All of lore.kernel.org
 help / color / mirror / Atom feed
From: Jason Gunthorpe <jgunthorpe-ePGOBjL8dl3ta4EC/59zMFaTQe2KTcn/@public.gmane.org>
To: Chuck Lever <chuck.lever-QHcLZuEGTsvQT0dZR+AlfA@public.gmane.org>
Cc: Sagi Grimberg
	<sagig-LDSdmyG8hGV8YrgS2mwiifqBs+8SCbDb@public.gmane.org>,
	Christoph Hellwig <hch-wEGCiKHe2LqWVfeAwA7xHQ@public.gmane.org>,
	"linux-rdma-u79uwXL29TY76Z2rM5mHXA@public.gmane.org"
	<linux-rdma-u79uwXL29TY76Z2rM5mHXA@public.gmane.org>,
	Steve Wise
	<swise-7bPotxP6k4+P2YhJcF5u+vpXobYPEAuW@public.gmane.org>,
	Or Gerlitz <ogerlitz-VPRAkNaXOzVWk0Htik3J/w@public.gmane.org>,
	Oren Duer <oren-VPRAkNaXOzVWk0Htik3J/w@public.gmane.org>,
	Bart Van Assche <bvanassche-HInyCGIudOg@public.gmane.org>,
	Liran Liss <liranl-VPRAkNaXOzVWk0Htik3J/w@public.gmane.org>,
	"Hefty,
	Sean" <sean.hefty-ral2JQCrhuEAvxtiuMwx3w@public.gmane.org>,
	Doug Ledford <dledford-H+wXaHxf7aLQT0dZR+AlfA@public.gmane.org>,
	Tom Talpey <tom-CLs1Zie5N5HQT0dZR+AlfA@public.gmane.org>
Subject: Re: Kernel fast memory registration API proposal [RFC]
Date: Fri, 17 Jul 2015 11:21:41 -0600	[thread overview]
Message-ID: <20150717172141.GA15808@obsidianresearch.com> (raw)
In-Reply-To: <62F9F5B8-0A18-4DF8-B47E-7408BFFE9904-QHcLZuEGTsvQT0dZR+AlfA@public.gmane.org>

On Fri, Jul 17, 2015 at 11:03:45AM -0400, Chuck Lever wrote:
> 
> On Jul 16, 2015, at 4:49 PM, Jason Gunthorpe <jgunthorpe@obsidianresearch.com> wrote:
> 
> > On Thu, Jul 16, 2015 at 04:07:04PM -0400, Chuck Lever wrote:
> > 
> >> The MRs are registered only for remote read. I don’t think
> >> catastrophic harm can occur on the client in this case if the
> >> invalidation and DMA sync comes late. In fact, I’m unsure why
> >> a DMA sync is even necessary as the MR is invalidated in this
> >> case.
> > 
> > For RDMA, the worst case would be some kind of information leakage or
> > machine check halt.
> > 
> > For read side the DMA API should be called before posting the FRWR, no
> > completion side issues.
> 
> It is: rpcrdma_map_one() is done by .ro_map in both the RDMA READ
> and WRITE cases.
> 
> Just to confirm: you’re saying that for MRs that are read-accessed,
> no matching ib_dma_unmap_{page,single}() is required ?

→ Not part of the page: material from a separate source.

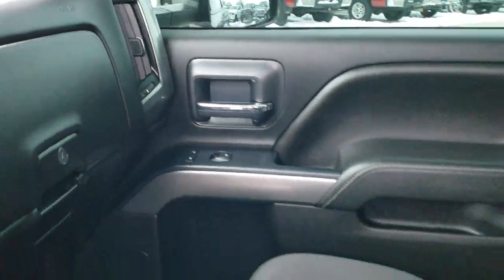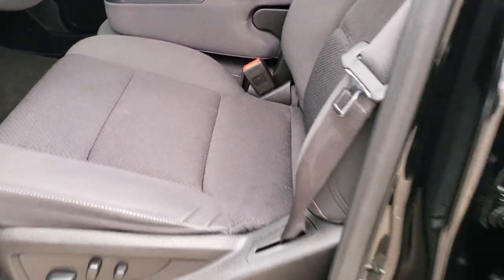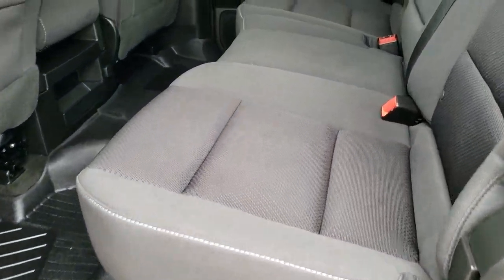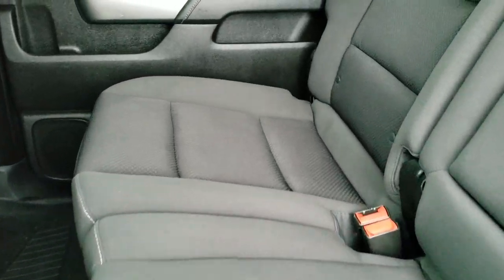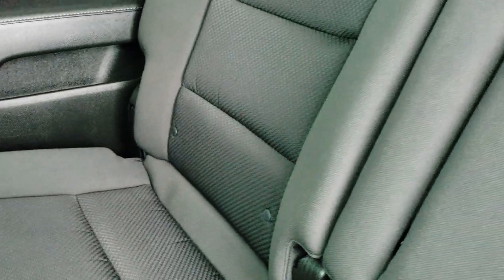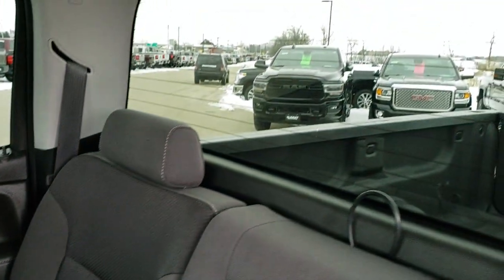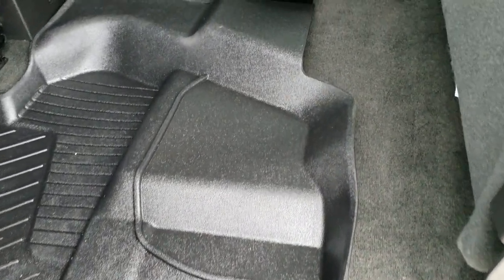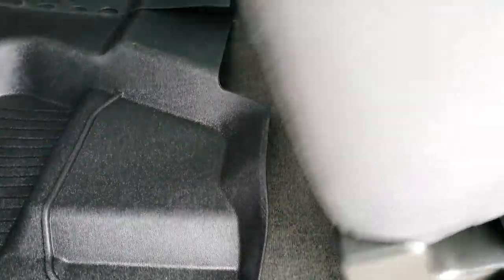We'll take a quick look at the back seats. They are just as clean as the front seats — no rips or tears back here. It has the LATCH child safety system for all your car seat needs, the rear window defroster, and fixed glass rear window. All-weather floor mats back here as well keep the carpeting looking great.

Sorry, I wasn't clear, dma_map/unmap must always be paired, they should
ideally be in the right ordering:
 dma_map(.)
 create MR
 invalidate MR
 dma_unmap()

Remember the DMA API could spin up IOMMU mappings or otherwise,
pairing is critical, ordering is critical, and I'd have some concern
around timeliness too..

When I said no issues, I was talking about running the MR invalidate
async with RPC processing. That should be fine.

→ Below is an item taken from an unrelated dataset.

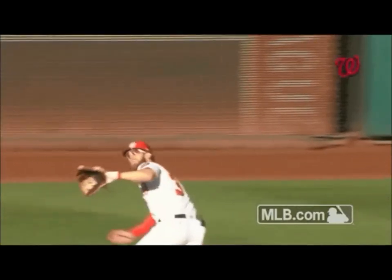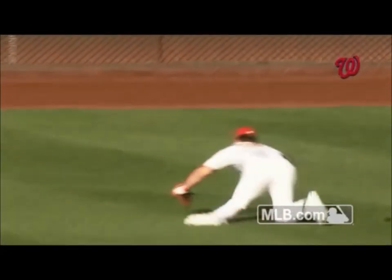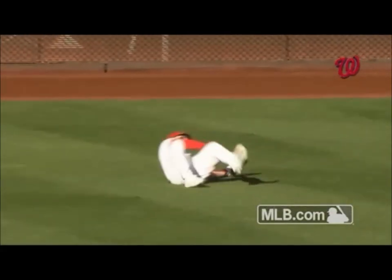If you watched the opening week of the baseball season last week, you may have seen Bryce Harper of the Washington Nationals' quite remarkable catch. If you didn't, I posted a full link to the video in the description. While trying to catch a line drive in the outfield, he clearly lost the ball in the sun, then had to make a blind stab at it to catch it at the last second.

But the dma unmap should be done from the SCQ processing loop, after
it is known the INVALIDATE for the ACCESS_REMOTE_READ MR is
complete. You could perhaps suppress completion for the invalidate, as
long as there is a scheme to track the needed invalidate (see my last
email)

A ACCES_REMOTE_WRITE MR side is basically the same, except the
INVALIDATE should be signaled and RPC processing should resume from
the SCQ side.

This is where you'd put a 'server trust' performance option to run
even the write invalidate async, then the dma_unmap should be done
when the invalidate is posted.

> Sure. It might be possible to move both the DMA unmap and the
> invalidate into the reply handler without a lot of surgery.
> We’ll see.
> 
> There would be some performance cost. That’s unfortunate because
> the scenarios we’re guarding against are exceptionally rare.

NFS needs to learn to do SEND WITH INVALIDATE to mitigate the
invalidate cost...

> > Use a scheme where you supress signaling and use the SQE accounting to
> > request a completion entry and signal around every 1/2 length of the
> > SQ.
> 
> Actually Sagi and I have found we can’t leave more than about 80
> sends unsignalled, no matter how long the pre-allocated SQ is.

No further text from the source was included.